Notes on "This is My Father's World," a hymn by Maltbie Babcock, showing God's presence, power, personality and purpose.
"This is My Father's World" is taken from a 16-verse poem written by the Reverend Maltbie D. Babcock, one of the outstanding Presbyterian ministers of his day. It was published posthumously in 1901. The first line of each of the 16 stanzas begins with "This is my Father's World." Scripture references are Psalm 33: 5 "He loves righteousness and justice; the earth is full of his unfailing love." and Psalm 50:12b "For the world is mine, and all that is it." (NIV)
Text Writer Maltbie D. Babcock
Maltbie Davenport Babcock, one of the most remarkable students of Syracuse University, was born in Syracuse, New York, on August 3, 1858 of a socially aristocratic and prominent family. He was a brilliant scholar with an amiable personality. Tall and broad-shouldered with muscles of iron, he was an outstanding athlete, captain of the baseball team, and an expert swimmer. He was also a skilled musician who directed the university's orchestra, played several instruments, including the organ, piano and violin, and composed music.

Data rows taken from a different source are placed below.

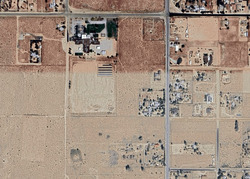 Pre-foreclosure in  LONGVIEW RD Pearblossom, CA 93553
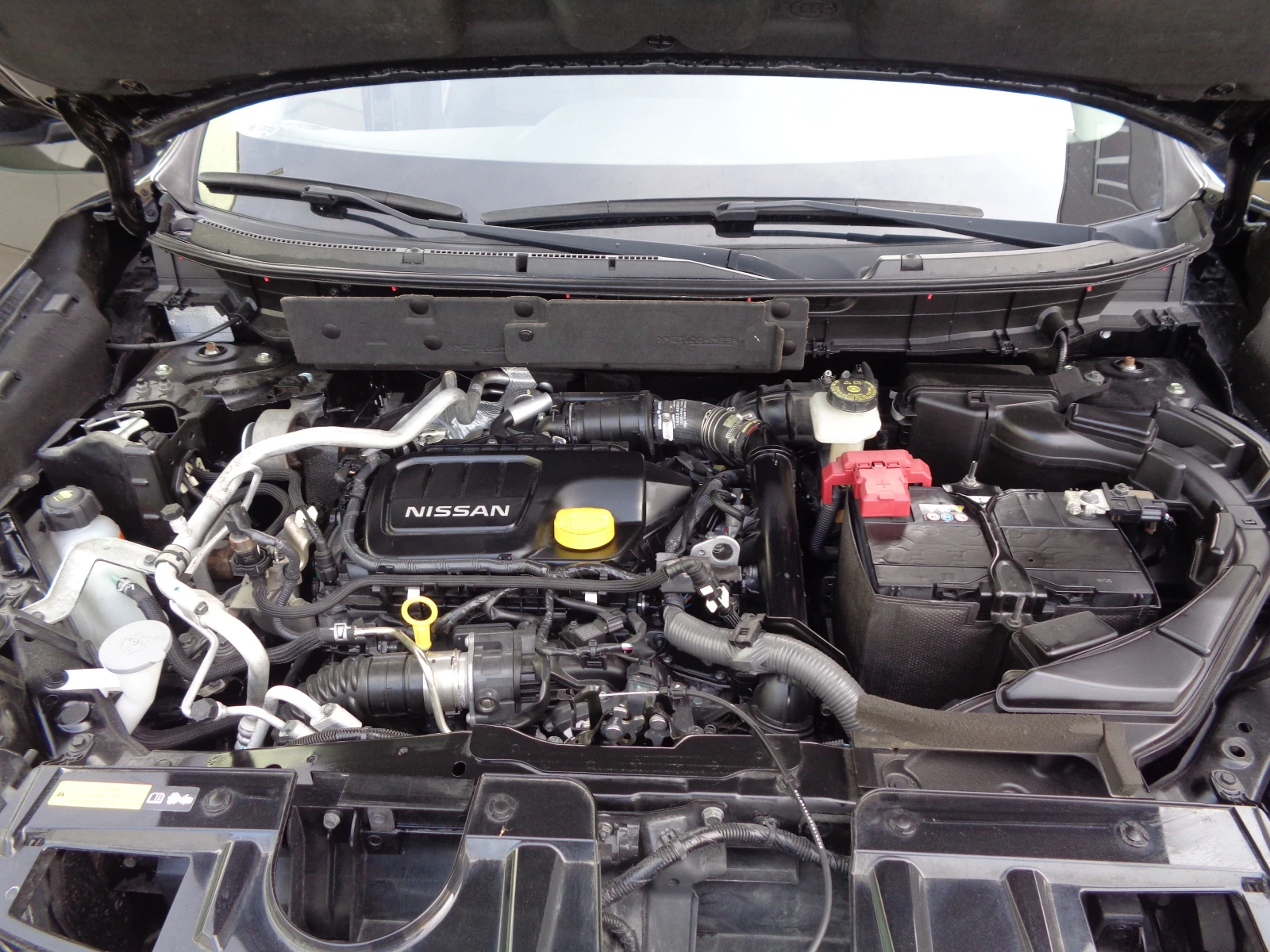 Nissan X-trail 1, 6DCI-4X4--360- | Mobile.bg   17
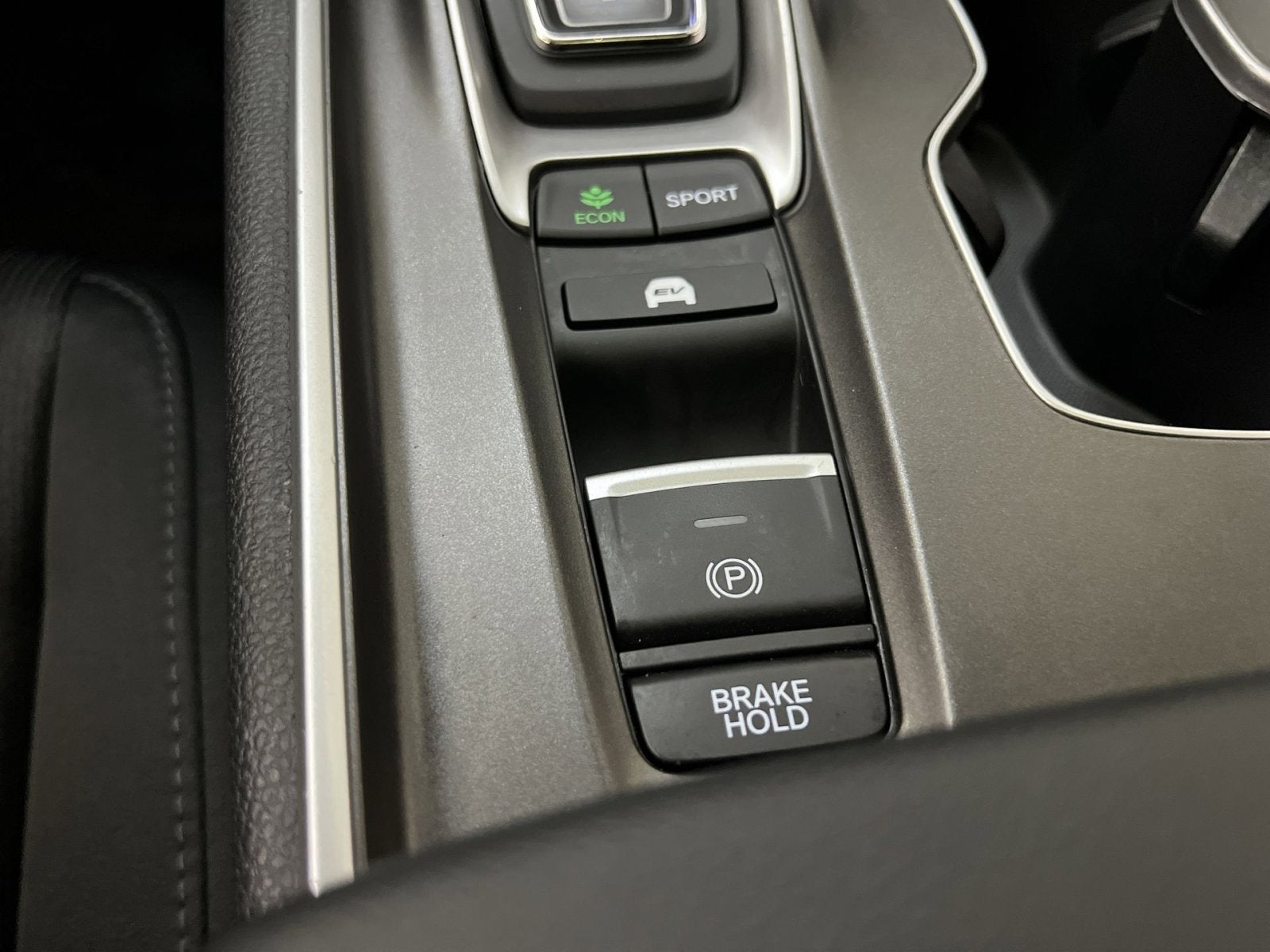 2021 Honda Accord Hybrid EX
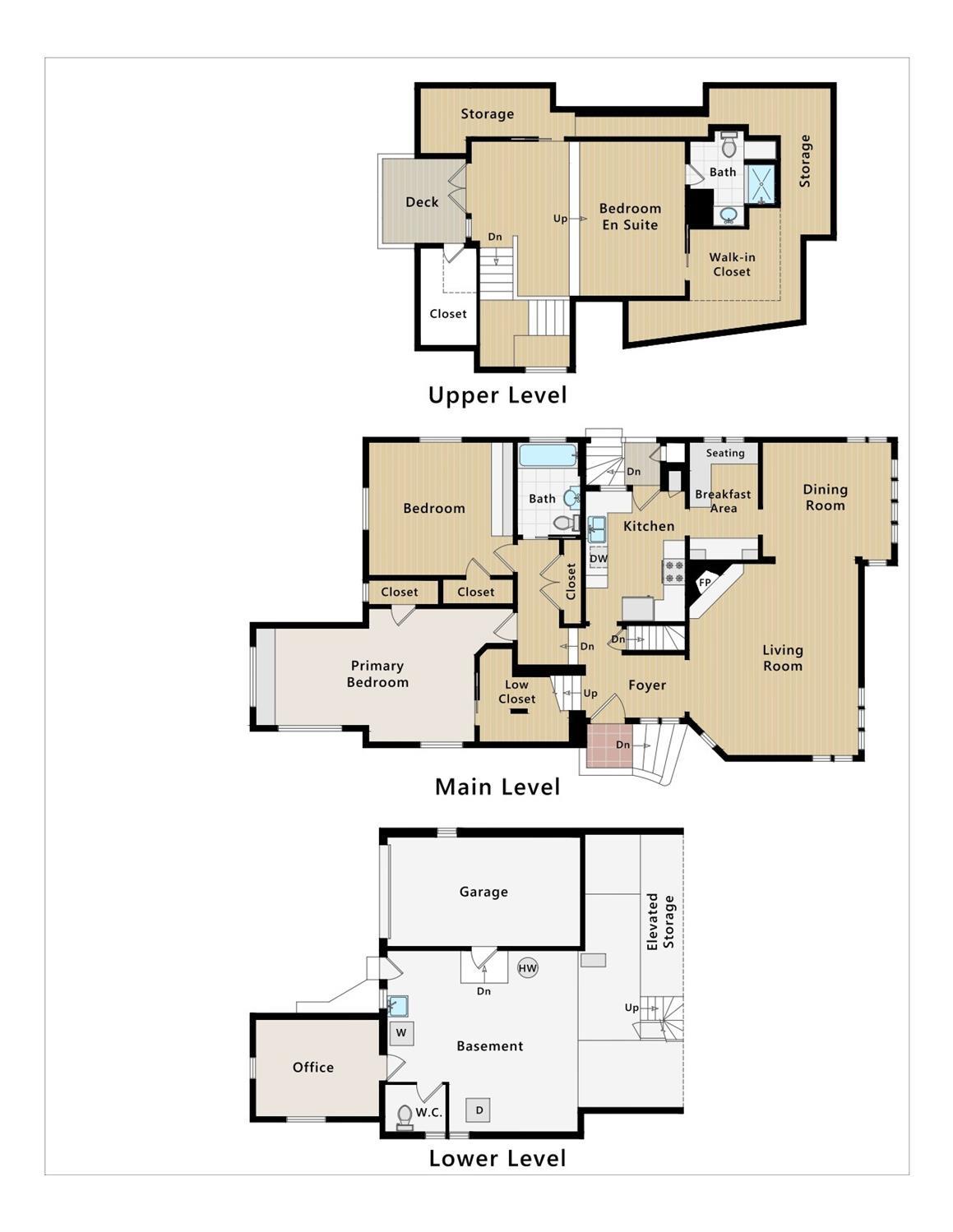80 San Pablo Avenue, St Francis Wood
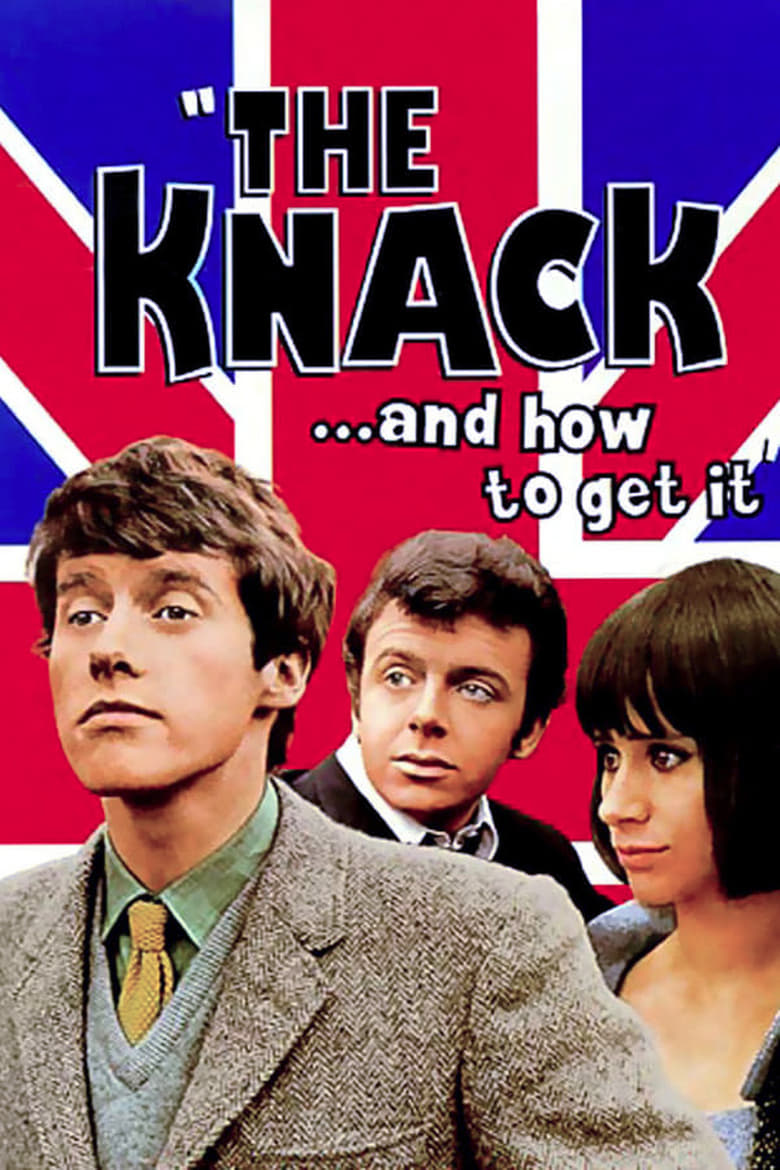 Poster of The Knack... and How to Get It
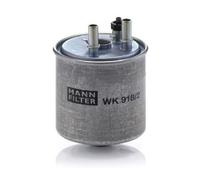Original Mann-Filter Fuel Filter WK 918/2 x for Renault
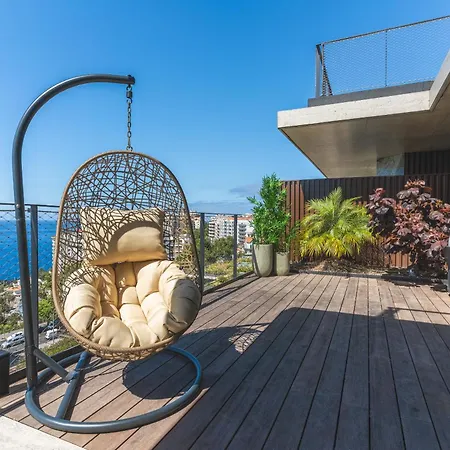 Lejlighed Seaside Escape By Atlantic Funchal (Madeira)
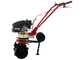 Motozappa Rotalux 52A H65 con fresa 75 cm - Motore Honda GCV200 - 1 marcia avanti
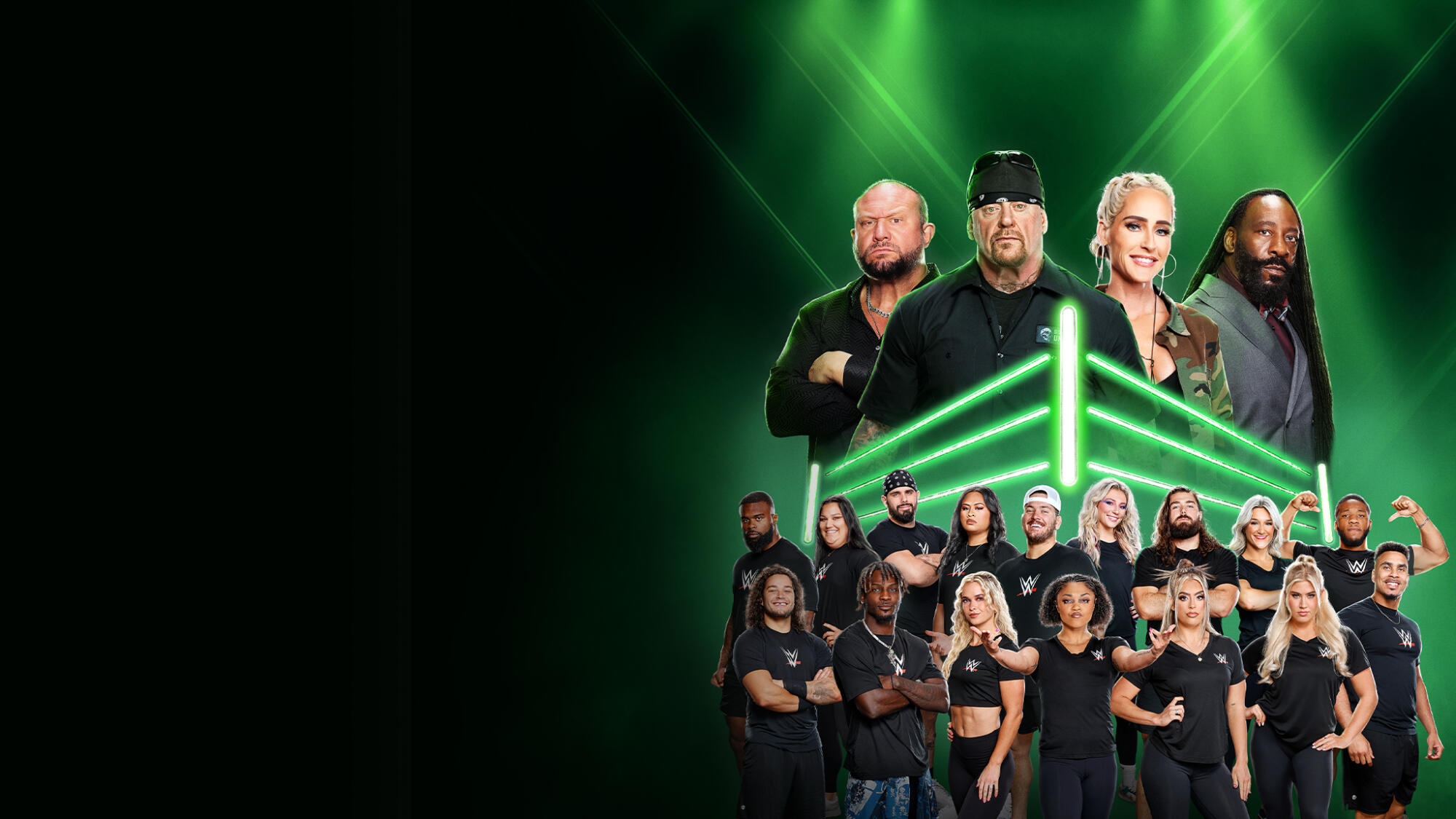 WWE LFG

For all his positive human attributes, Babcock was respected as a pastor with strong convictions and principles. He could have been successful in any profession, but God called him to the ministry and trained at Auburn Theological Seminary. Babcock became pastor of the First Presbyterian Church in Lockport, New York, a beautiful area between Lakes Erie and Ontario. A great lover of nature, he had the habit of taking morning walks, hiking and running in the beckoning hills of the surrounding country with the full view of Lake Ontario, lost in nature's beauty.
Babcock was characterized by his frequent expression as he'd say to his secretary, "I'm going out to see my Father's world." However, as one writer has noted, "This hymn is more than just an outburst of song about nature, but rather a seasoned appreciation, beautifully worded, of an unfailing trust in God. In this hymn, Babcock portrays the message of "God's Presence, God's Personality, God's Power, God's Purpose."
Something of the character of Babcock, both as a man and a preacher, is reflected in one of his well-known poems, "Be Strong:"
We are not here to play, to dream, to drift,
We have hard work to do, and loads to lift,
'Tis God's gift.
Composer Franklin L. Sheppard
The tune for the text was arranged from an old English melody by one of Babcock's close friends, Franklin L. Sheppard, an accomplished musician. It was first included in his book, Alleluia, a Presbyterian Sunday School book published in 1915. The tune name, "Terra Beata" in Latin, means "blessed earth."
Last Years of Babcock
Aged 42, Babcock went on pilgrimage to the "Holy Land" by ship, a special gift presented by his church. While en route to Italy, he contracted a deadly bacterial fever and died at the International Hospital on May 18, 1901. His wife compiled his writing into a book Thought for Everyday Living, published in 1901, including "This is My Father's World."